Power has turned into a monster that grows larger every day, devouring everything and overwhelming balances, long established, on which the West had bet. Now that Western aid languishes because of lack of money, the misery that spreads in the air inevitably leads to a religious drift on which the more fundamentalist fringes are based. As a result, tourism has collapsed both in Tunisia and in Egypt due to riots and destabilization. In this context of devastation, unimaginable only a few years ago, the germ of discord was planted on which Iran blows. A wind of war that does not promise anything good ...
This gambling has shaken the nerves of Western rulers, terrified that the Strait of Hormuz could be closed, with all the imaginable repercussions for oil going to the West ... The fundamentalist drift seems inevitable even for a country like Turkey that so far it has remained on secular positions, such as to guarantee the geo-political balance in the entire surrounding area.
Have you seen the skilled strategic maneuvers of Prime Minister Erdoğan who managed to anticipate the moves of European partners during the Arab Springs? Europe, unable to draw up a single political strategy for North Africa and the Middle East, has been overtaken by Turkish decision-making.
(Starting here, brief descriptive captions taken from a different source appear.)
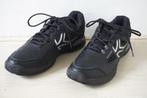 Zelfs profs dragen Heren tennisschoenen van Artengo maat 46, Artengo, Ophalen of Verzenden, Zo goed als nieuw, Sportschoenen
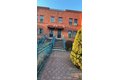 Additional image 3 of 405 Halsey St Unit 2, Brooklyn, NY, 11233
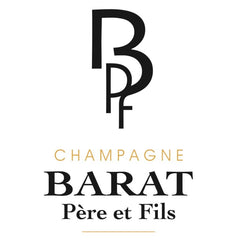 Jules Barat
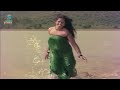 un ennamthan video song othaiadi pathayile shankar ganesh s. janaki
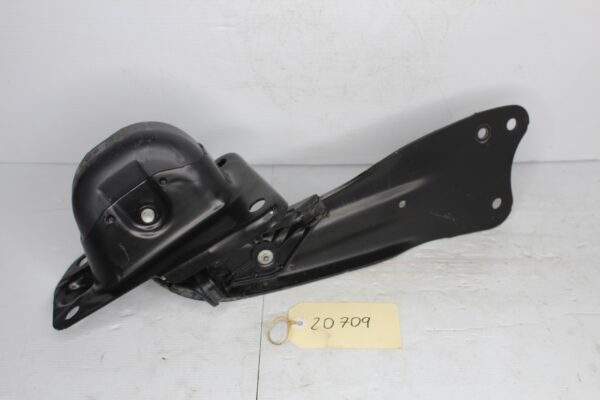 Volkswagen Mk6 Golf Rear Right Trailing Arm 1K0505226H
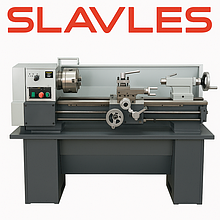 Токарні верстати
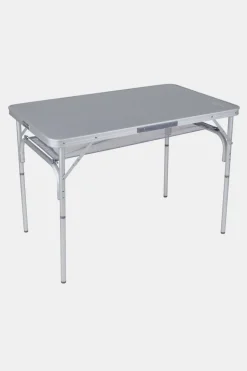 Bo-Camp Premium 100x60cm Tafel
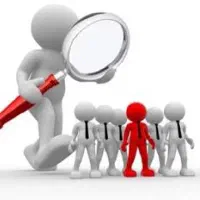 نیرو خانم جهت پیگیری و انجام امورات منزل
Erdoğan's blitz in Libya, Tunisia and Egypt, with unexpected timing, wanted to send a signal: Turkey, shaking off the European status of member state - not yet perfected due to lack of will to respect the civil rights required by the Union as a conditio sine qua non for its official entry into Europe - it wanted to underline its hegemonic role within the Mediterranean chessboard as a lay Islamic state.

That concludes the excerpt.